Macau, é actualmente um dos laboratórios de ensaio dos rápidos processos de mudança  social que são vividos na grande China inventora do mais novo regime de organização política do Estado, que se consagra na formulação “um país, dois sistemas”. Por razões de identidade que resultam da sua particular história, é plataforma escolhido pela RPC para o desenvolvimento das relações económicas, políticas e culturais com os países do mundo lusofonia.

Desde sempre Macau foi uma cidade porto, lugar de chegada, partida e abrigo, de duas zonas do mundo culturalmente diferenciados, a Europa e o Oriente. Em particular foi e é o lugar de excelência para encontro e conhecimento entre Portugal e a China. Esta característica é fundadora da identidade da cidade e continua relevante hoje, neste tempo de novas configurações das Dinâmicas Sociais Económicas e Geopolíticas.

Vem isto a propósito dos continuados ensaios que são visíveis na direcção da construção de instrumentos que visam posicionar Macau enquanto cidade criativa, em que o cinema tem necessariamente um lugar a desempenhar.

Também na actividade cinematográfica Macau pode desempenhar um lugar único em que Ocidente e Oriente se cruzam, misturam, recriam. O já próximo Festival Internacional de Cinema de Macau começa com alguma turbulência com o abandono do consagrado director Marco Muller, no entanto, é de prever que o Festival se afirme relevante no quadro competitivo dos Festivais Internacionais de Cinema classe A.

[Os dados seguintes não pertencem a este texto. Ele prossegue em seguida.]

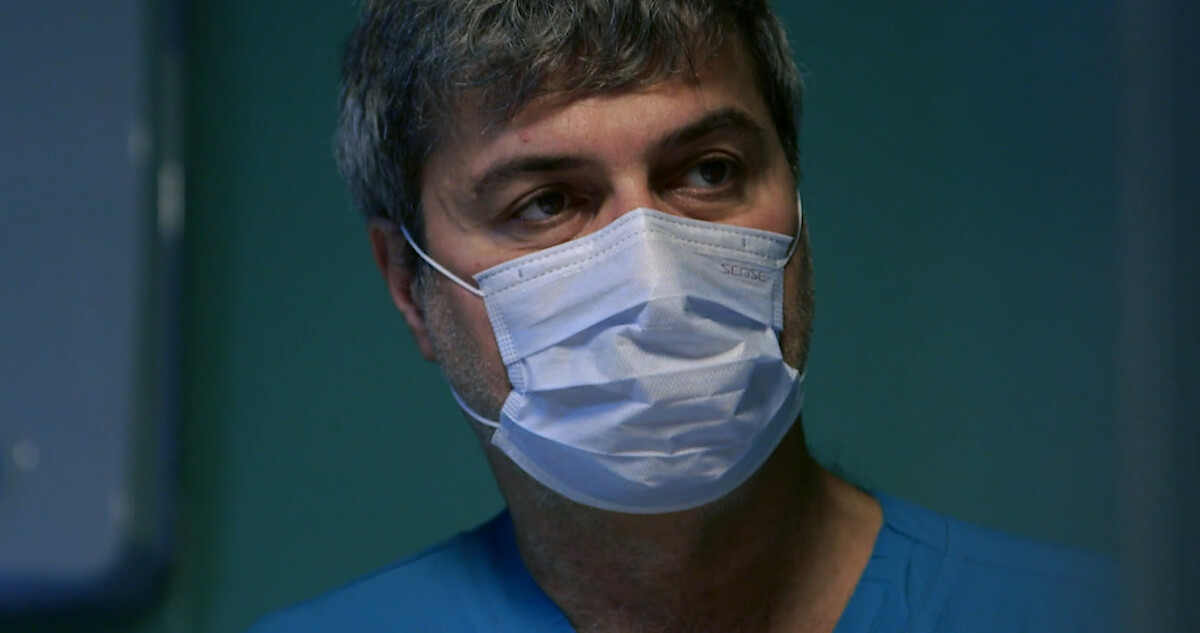 Bad Surgeon Love Under the Knife: Who Is Dr. Paolo Macchiarini? - Netflix  Tudum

Contribuirá em muito para visibilidade internacional do território. Quanto ao seu impute no desenvolvimento da indústria cinematográfica em Macau terá também obviamente relevância, no entanto, olhando os quadros de apoio ao cinema actualmente desenhados, verifica-se a ausência de legislação pensada para a co-produção, seja com os países da Lusofonia ou de outras geografias. Os concursos públicos existentes têm a obrigatoriedade do estatuto difícil da residência na RAEM, se por um lado este fechamento parece não corresponder à especificidade de Macau enquanto lugar de encontro e abertura aos diferentes mundos do mundo, também não está de acordo com o que o desenvolvimento da indústria cinematográfica no modelo de produção independente precisa, instrumentos facilitadores à co-produção. A co-produção, e talvez importe referir que há várias possibilidades de regular no interesse do desenvolvimento do cinema no território esses mecanismos, é seguramente uma das formas que mais pode contribuir para o desenvolvimento da actividade cinematográfica no território. Paralelamente parece igualmente interessante e possível a criação de uma licenciatura, embrionária de uma futura escola de cinema, na Universidade de Macau. São medidas estruturantes que cabem a quem pensa as estratégias de desenvolvimento da cidade, neste tempo que, como afirmou Elia  Kazan em 1986, “os filmes são o diálogo do mundo de hoje”.